# Task description:
From the line with "43677 Washburn Drive, Three Rivers, CA 93271" down to the final line of the material, please transcribe everything exactly, but leave the pictures out.

# Dataset section:
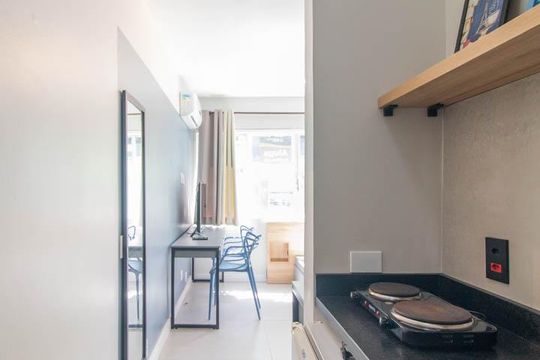 Cozinha  de apartamento à venda com 1 quarto, 20m² em Centro Histórico, Porto Alegre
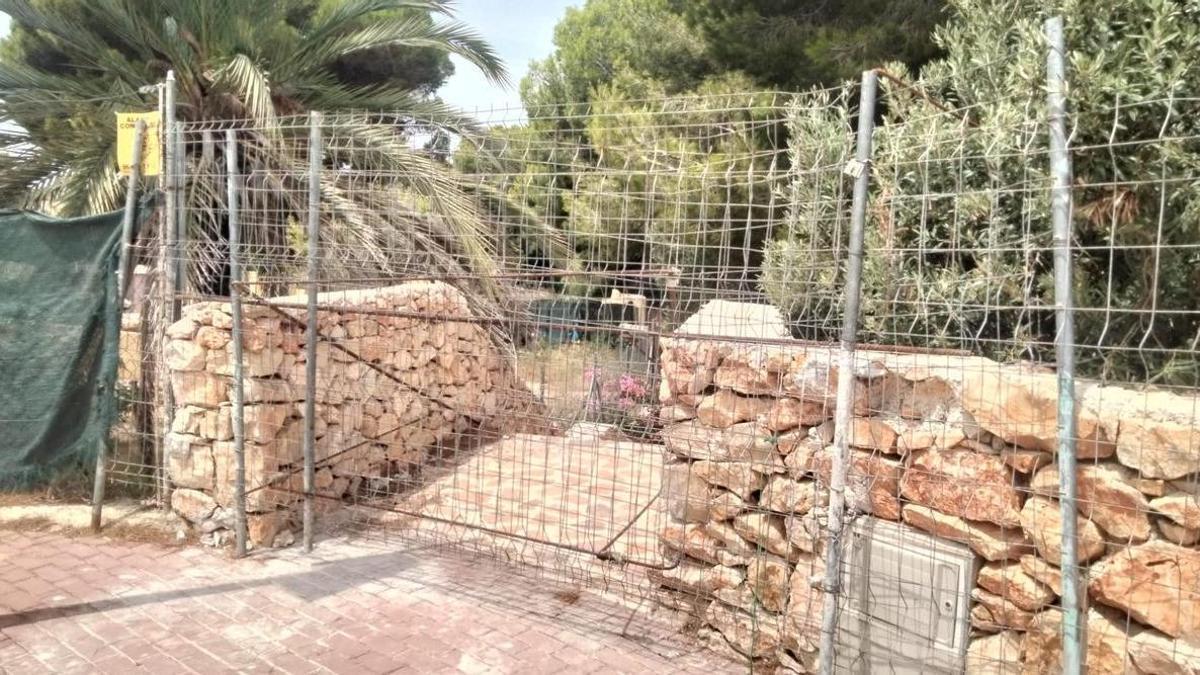 Cerrojazo todavía más drástico: las barras de hierro apuntalan la valla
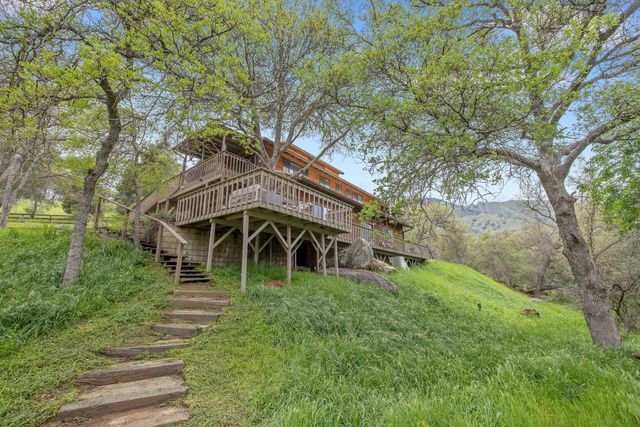 43677 Washburn Drive, Three Rivers, CA 93271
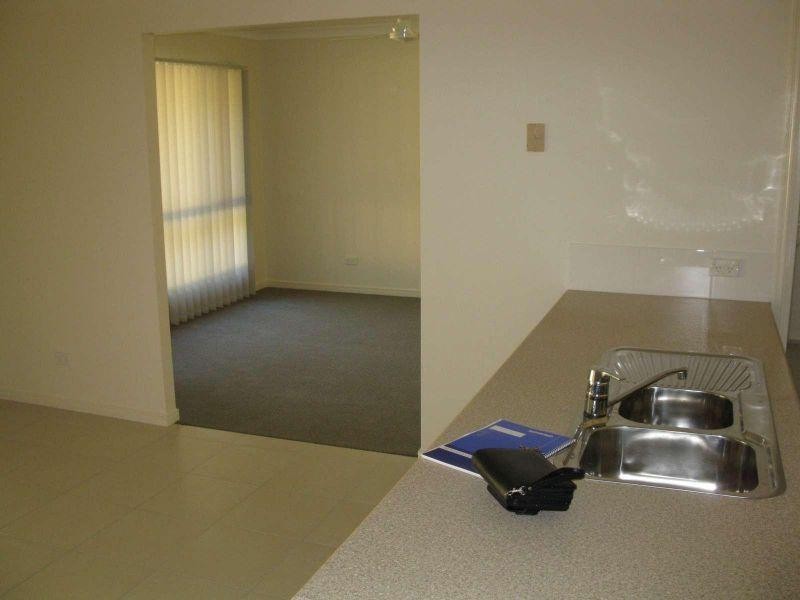 31 Eugenia Avenue, Rothwell QLD 4022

# Task output:
 43677 Washburn Drive, Three Rivers, CA 93271
 31 Eugenia Avenue, Rothwell QLD 4022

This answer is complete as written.